Short descriptive text snippets:
--*--

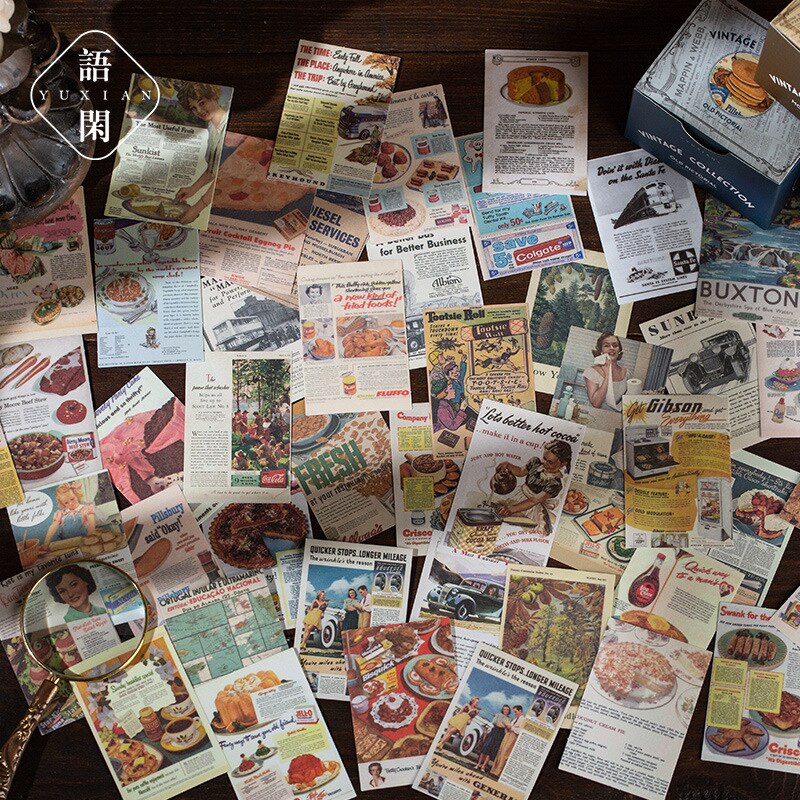 320pcs/lot Memo Pads Material Paper A retrospective books-JournalTale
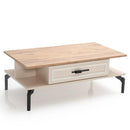 Masă cafea ORBIT 2 sertare 106 x 60 cm - Maroom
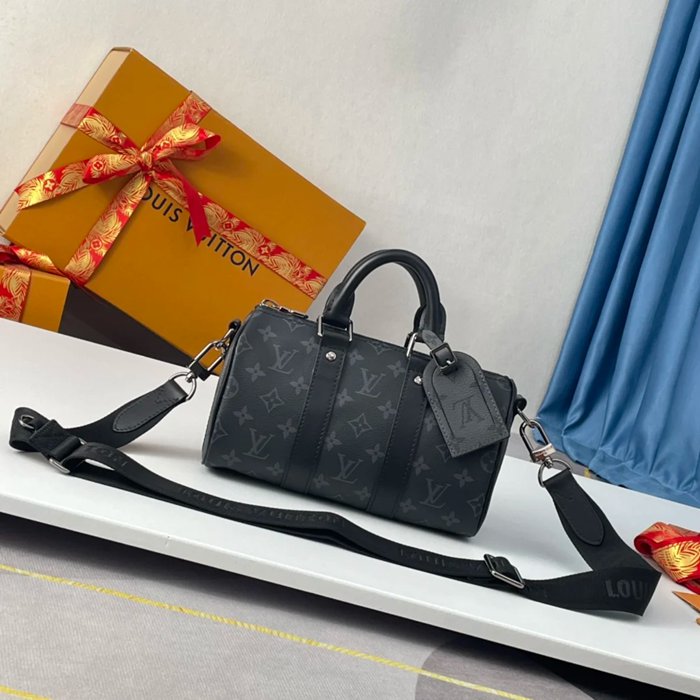 Louis Vuitton 图案 トラベルバッグ モノグラム ブラック M46271 サイズ:25x15x11cm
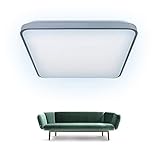 【SPEZIFIKATION】- 50 Watt LED Panel mit 4500 Lumen | Kaltweiß 6500 Kelvin | 435*435*100mm | 220V-240V Wechselstrom | Nicht dimmbar | Abstrahlwinkel 120 °.
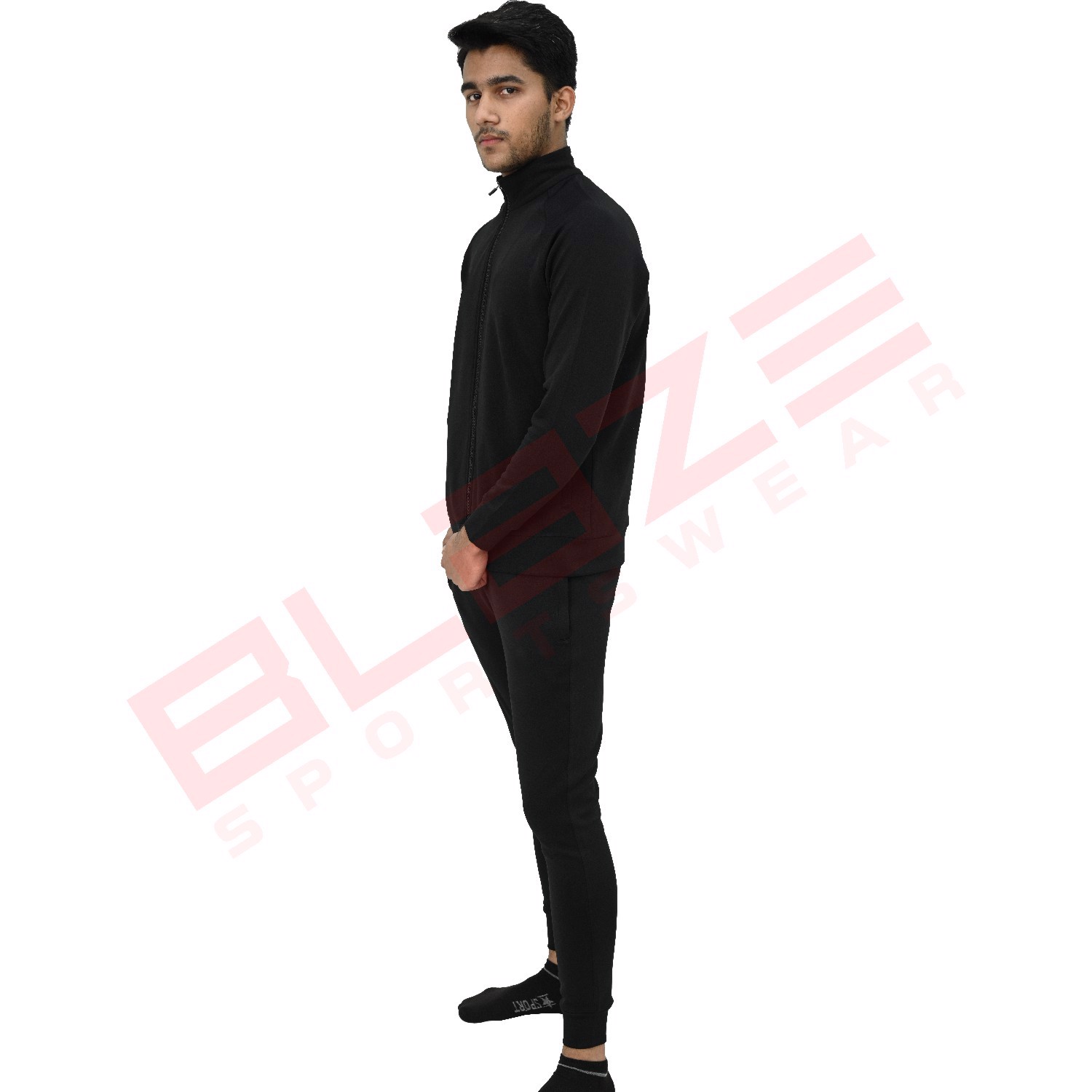 Custom Jogging Sweatsuit Tracksuit Pants Hoodie Athletic fitt for workout and training breathable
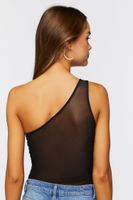 Women's One-Shoulder Ruched Bodysuit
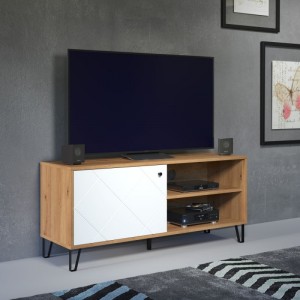 جدید سادہ اور عملی لکڑی کے ٹی وی کیبنٹ 0641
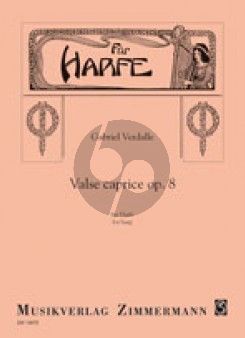 Verdalle Valse Caprice Op.8 Harp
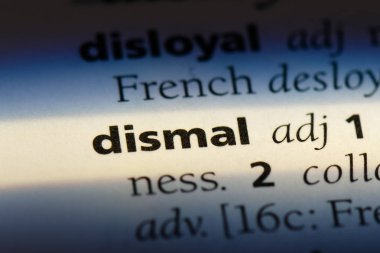 bir sözlüğü'ndeki kasvetli sözcüğü. kasvetli kavramı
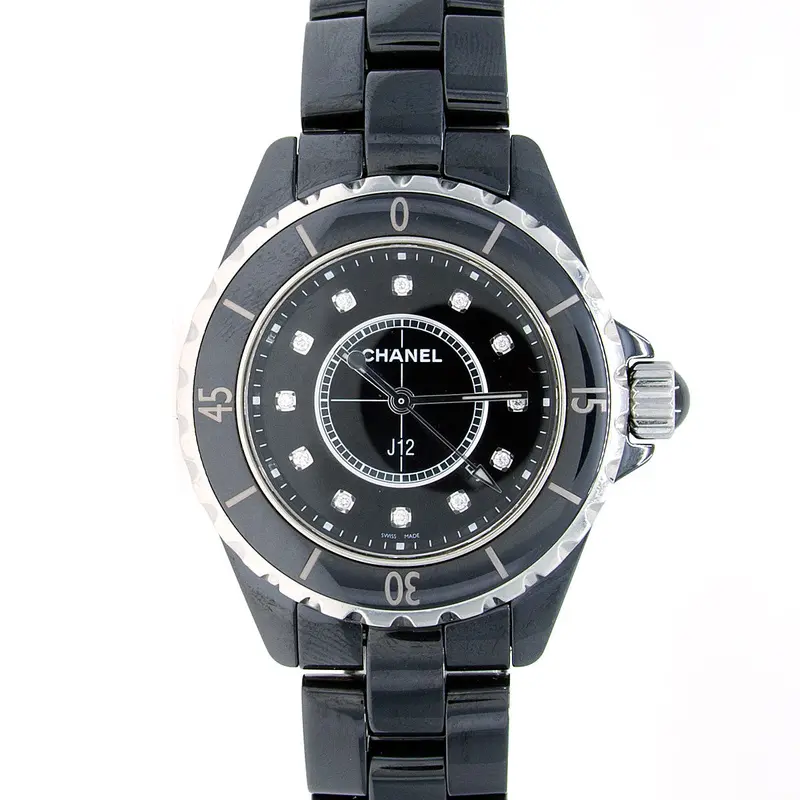 Chanel J12 Ceramic Watch With Diamond-Set Dial (Box & Papers) 1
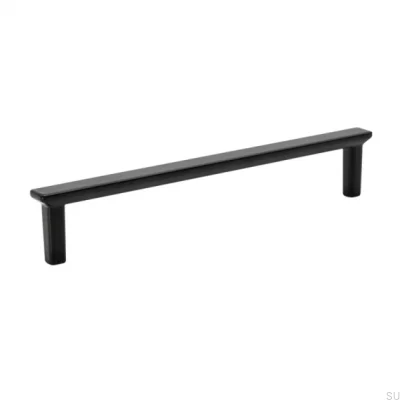 Länglicher Möbelgriff Bror 160, Metall, Mattschwarz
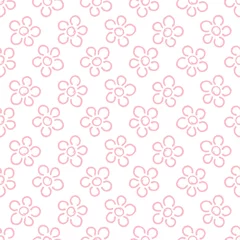 Retro, Seamless, Muster, Hand, Gezeichnet, Große, Blumen, Rose © Jan Engel
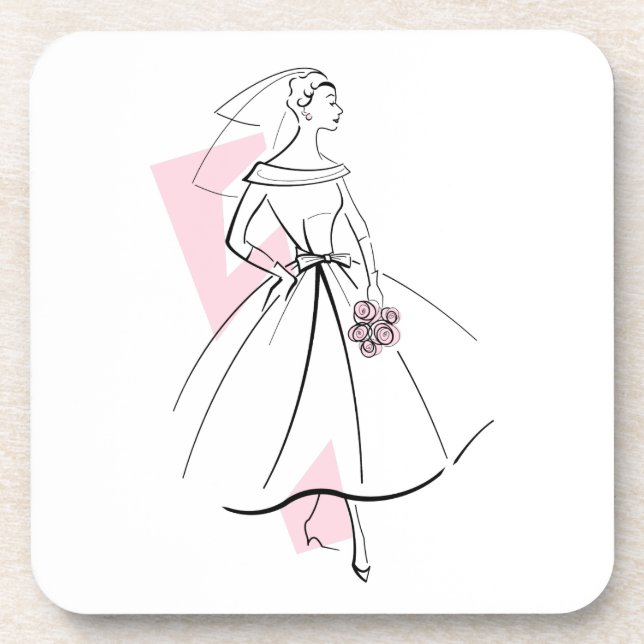 Moda de porta copos rosa cor-de-rosa (Frente)
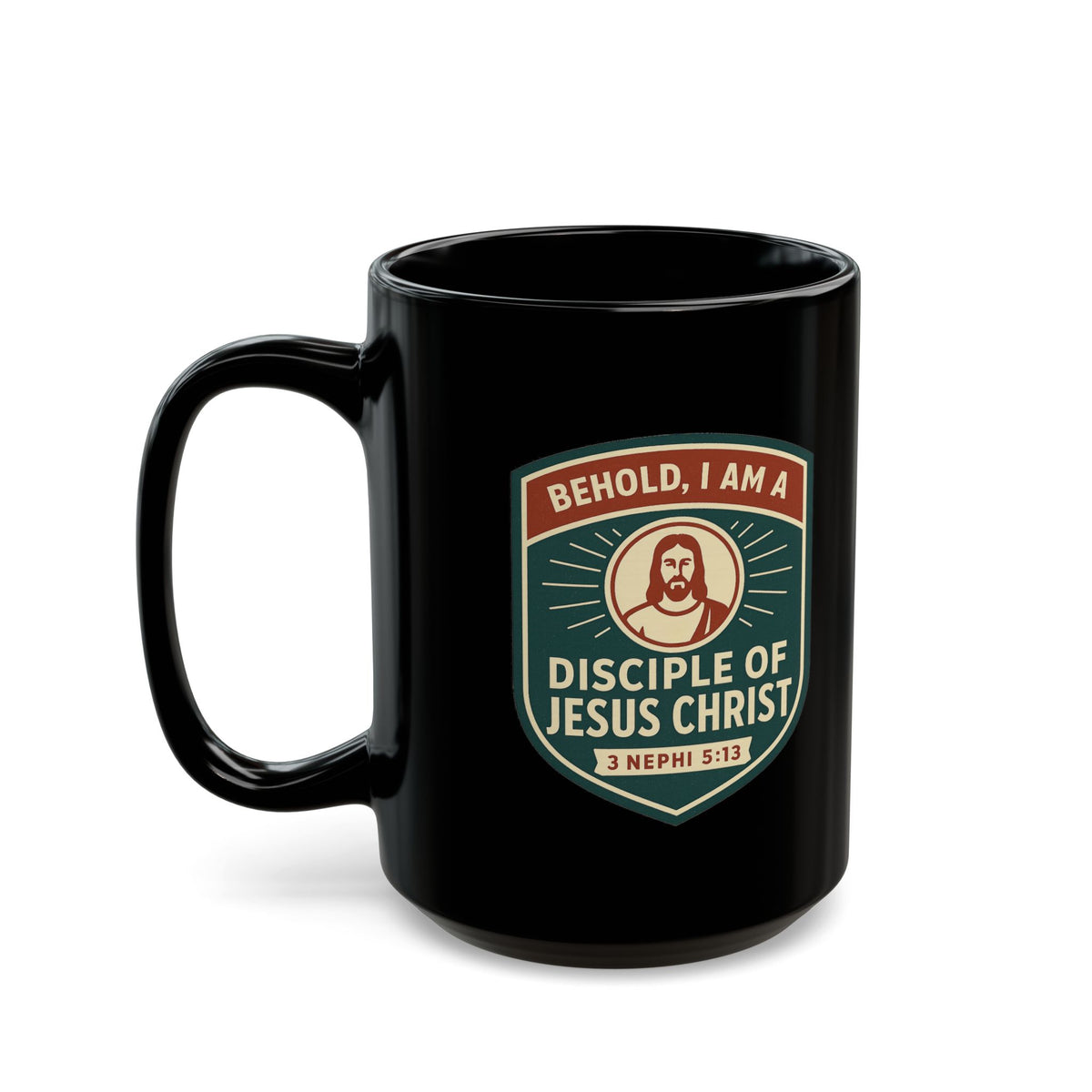 "Disciple of Christ" Black Ceramic Mug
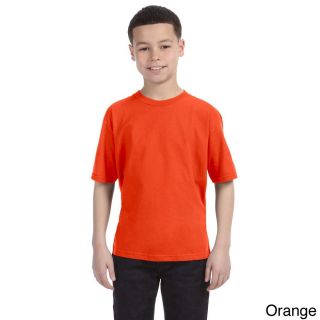 Anvil Anvil Youth Ringspun Cotton T shirt Orange Size L (14 16)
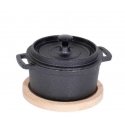 Excellent Houseware Serving pot cast iron 11 cm, 240 ml 2 pcs. Excellent Houseware Serving pot cast iron 11 cm, 240 ml 2 pcs.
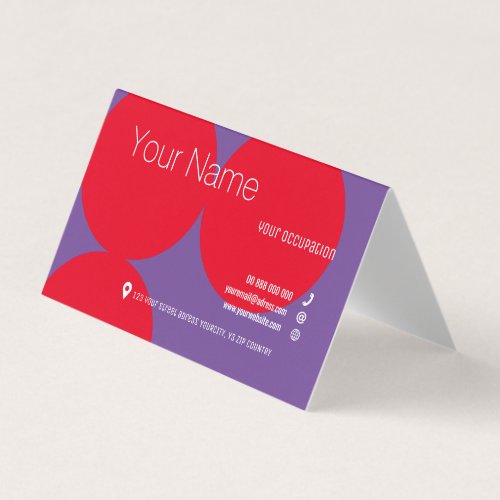 RED DOTS Collection Folded Business Card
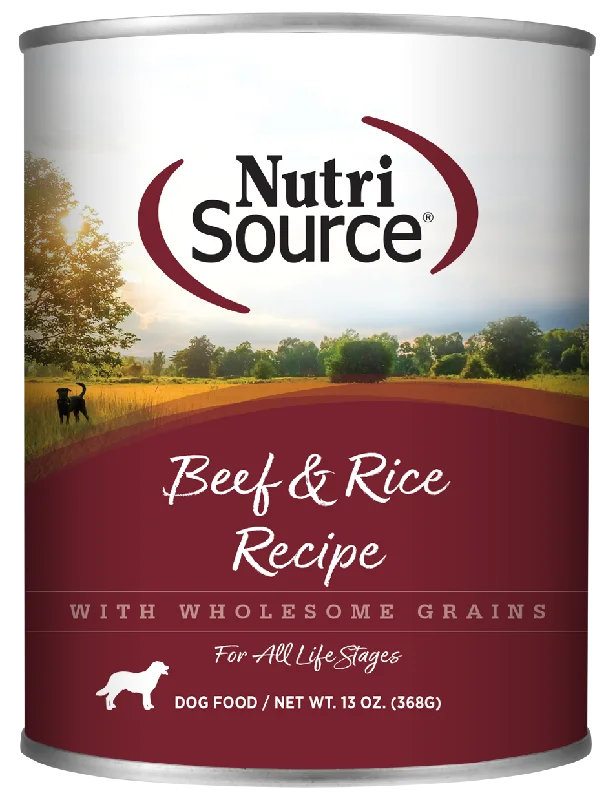 NutriSource® Beef & Rice Recipe Healthy Wet Dog Food (13 oz)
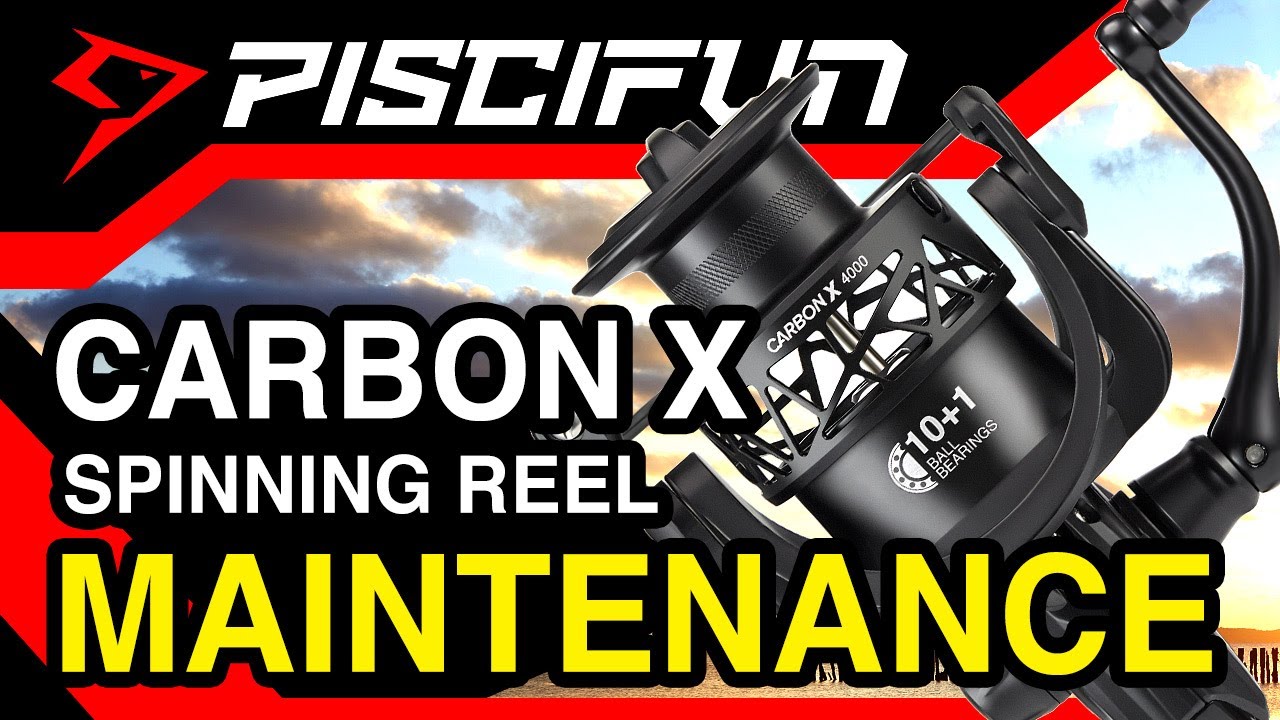 PISCIFUN Tear Down Carbon X II Spinning Reel 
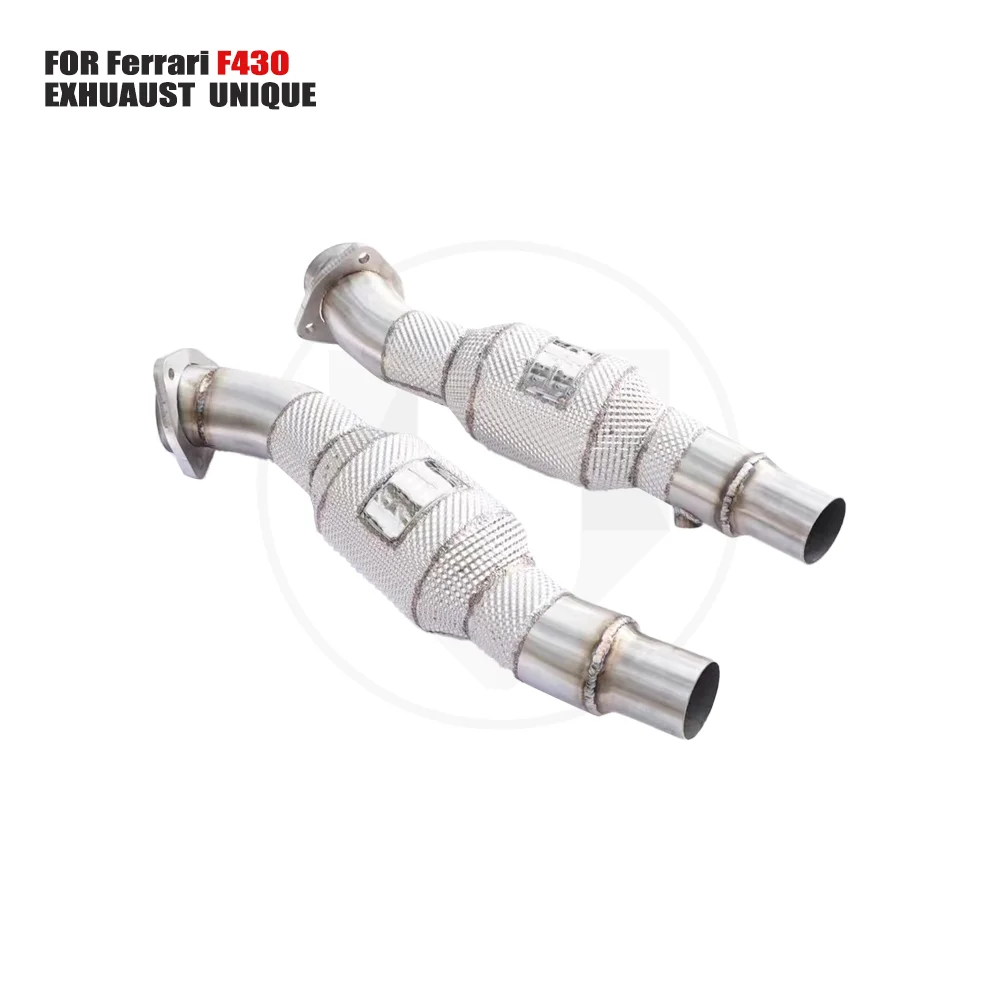 

UNIQUE Exhaust System High Flow Performance Downpipe for Ferrari F430 Car Accessories With Catalytic Converter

--*--

Would you copy the lines above exactly, starting with the one that has "Women's One-Shoulder Ruched Bodysuit" and ending with the one that has "Retro, Seamless, Muster, Hand, Gezeichnet, Große, Blumen, Rose", both included, without the pictures?

- [Result below]:
 Women's One-Shoulder Ruched Bodysuit
 جدید سادہ اور عملی لکڑی کے ٹی وی کیبنٹ 0641
 Verdalle Valse Caprice Op.8 Harp
 bir sözlüğü'ndeki kasvetli sözcüğü. kasvetli kavramı
 Chanel J12 Ceramic Watch With Diamond-Set Dial (Box & Papers) 1
 Länglicher Möbelgriff Bror 160, Metall, Mattschwarz
 Retro, Seamless, Muster, Hand, Gezeichnet, Große, Blumen, Rose © Jan Engel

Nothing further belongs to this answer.